=== Task prompt ===
Your task is to repeat the lines below exactly, excluding any pictures they contain.

=== Stored data ===

------------------------------------

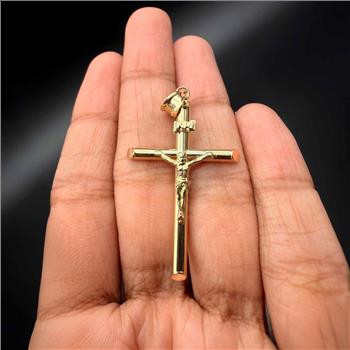 14K Yellow Gold Crucufix Cross Pendant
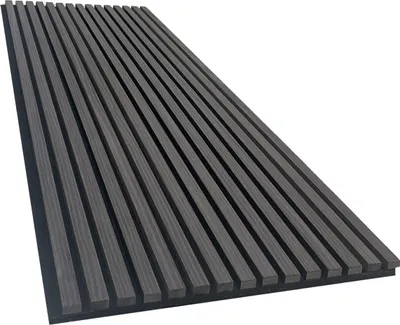 Produktbild von Akustikpaneel mit Holzfurnier in Black Nior - 2700x600 mm - mit PET-Filz - 2 Stück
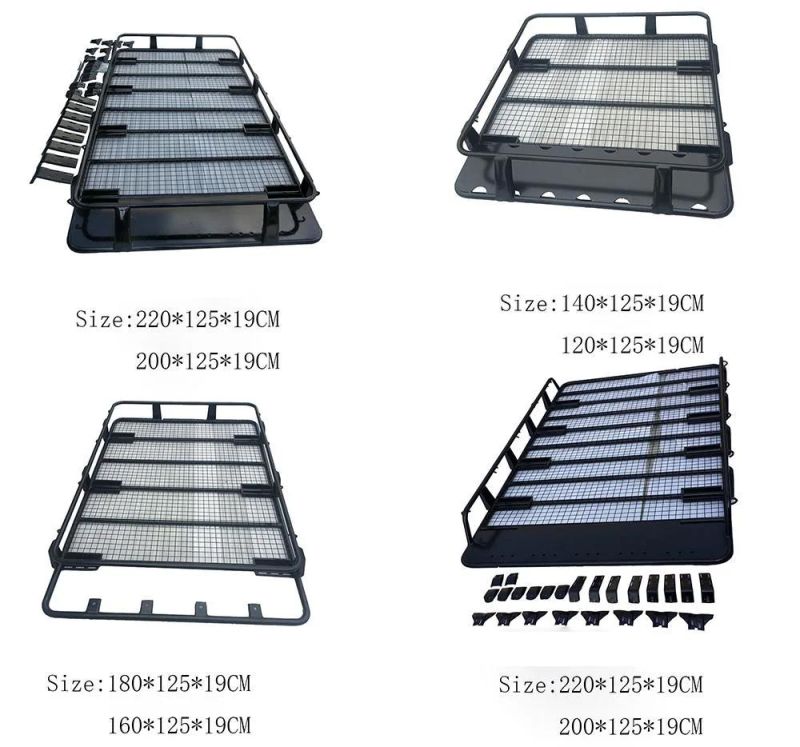 Hilux Dmax L200 Aluminum Car Roof Luggage Rack Carrier Basket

------------------------------------

=== Solution for this task ===
 14K Yellow Gold Crucufix Cross Pendant
 Produktbild von Akustikpaneel mit Holzfurnier in Black Nior - 2700x600 mm - mit PET-Filz - 2 Stück
 Hilux Dmax L200 Aluminum Car Roof Luggage Rack Carrier Basket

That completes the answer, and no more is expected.